Das sorgte für mehr Topduelle unter den Topteams, mehr Attraktivität und auch höhere Startprämien. Mit dem Einzug darf sich St. Pölten über 400.000 Euro Antrittsgeld freuen. Darüber hinaus winken Duelle mit der Crème de la Crème des europäischen Klubfußballs, etwa Barcelona oder Lyon. Für Eder geht ein Traum in Erfüllung: "Die ganze Arbeit, die ganzen Niederlagen haben sich endlich ausgezahlt. Ein Kindheitstraum." Auch St. Pöltens Präsident Wilfried Schmaus spricht von einem "Meilenstein."

Apropos Aufwertung und Attraktivität: Die Euro in England im Sommer brach in puncto Aufmerksamkeit Rekorde, vor Ort und vor den TV-Geräten. Auch die siegreichen Engländerinnen sprachen von einem Meilenstein für den Fußball. Man erhoffte sich Nachhaltigkeit nach einem punktuellen Hype.

Verspätung

In manchen Ländern ist es aufgegangen. Das Eröffnungsspiel der deutschen Liga zwischen Frankfurt und den Bayern sahen 23.300 Fans live, beim Londoner Derby zwischen Arsenal und Tottenham waren gar knapp 48.000.

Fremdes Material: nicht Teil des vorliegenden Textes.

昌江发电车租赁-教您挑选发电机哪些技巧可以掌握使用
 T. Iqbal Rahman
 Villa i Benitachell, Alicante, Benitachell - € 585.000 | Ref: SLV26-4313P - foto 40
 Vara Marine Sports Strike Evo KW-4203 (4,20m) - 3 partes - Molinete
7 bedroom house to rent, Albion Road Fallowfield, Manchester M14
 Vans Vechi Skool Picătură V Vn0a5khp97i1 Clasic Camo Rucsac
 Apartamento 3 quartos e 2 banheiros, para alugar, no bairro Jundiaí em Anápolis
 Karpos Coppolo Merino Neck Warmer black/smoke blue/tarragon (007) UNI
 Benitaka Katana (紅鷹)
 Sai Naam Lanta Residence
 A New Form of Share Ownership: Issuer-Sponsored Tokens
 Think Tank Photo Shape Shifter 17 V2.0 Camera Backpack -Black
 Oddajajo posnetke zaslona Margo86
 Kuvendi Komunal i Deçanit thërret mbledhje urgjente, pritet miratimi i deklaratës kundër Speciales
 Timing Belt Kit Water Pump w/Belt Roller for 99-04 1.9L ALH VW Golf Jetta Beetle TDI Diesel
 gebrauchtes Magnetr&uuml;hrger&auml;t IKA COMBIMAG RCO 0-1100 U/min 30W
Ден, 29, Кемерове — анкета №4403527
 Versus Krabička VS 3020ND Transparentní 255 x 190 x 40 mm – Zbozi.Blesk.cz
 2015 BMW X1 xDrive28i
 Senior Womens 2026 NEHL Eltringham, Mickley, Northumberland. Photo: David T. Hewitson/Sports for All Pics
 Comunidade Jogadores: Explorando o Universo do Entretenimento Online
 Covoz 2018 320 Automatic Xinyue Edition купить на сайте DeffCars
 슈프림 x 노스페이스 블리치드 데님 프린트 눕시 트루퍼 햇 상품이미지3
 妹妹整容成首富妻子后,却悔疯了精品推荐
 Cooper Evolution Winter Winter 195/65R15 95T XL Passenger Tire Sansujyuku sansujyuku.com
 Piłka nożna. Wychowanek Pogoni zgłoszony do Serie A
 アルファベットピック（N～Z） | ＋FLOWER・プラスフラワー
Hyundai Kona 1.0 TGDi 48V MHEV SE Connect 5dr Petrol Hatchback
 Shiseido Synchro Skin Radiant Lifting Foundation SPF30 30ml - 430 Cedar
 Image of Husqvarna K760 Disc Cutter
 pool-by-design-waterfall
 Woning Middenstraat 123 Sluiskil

In St. Pölten kamen nur 1070 Fans. Eder sieht das gelassen: "Man kann die großen Ligen nicht mit Österreich vergleichen." Die Mittelfeldspielerin ortet eine gewisse Gemütlichkeit. Und die Abhängigkeit von Erfolgserlebnissen: "Ich kenne das aus dem Nationalteam." Natürlich gebe es aber bei Marketing und Werbung noch "Luft nach oben". Aus sportlicher Sicht haben sowohl das ÖFB-Team als auch St. Pölten die Weichen gestellt. Jetzt gilt es, den Zug auch nicht zu verpassen. (Andreas Hagenauer, 29.9.2022)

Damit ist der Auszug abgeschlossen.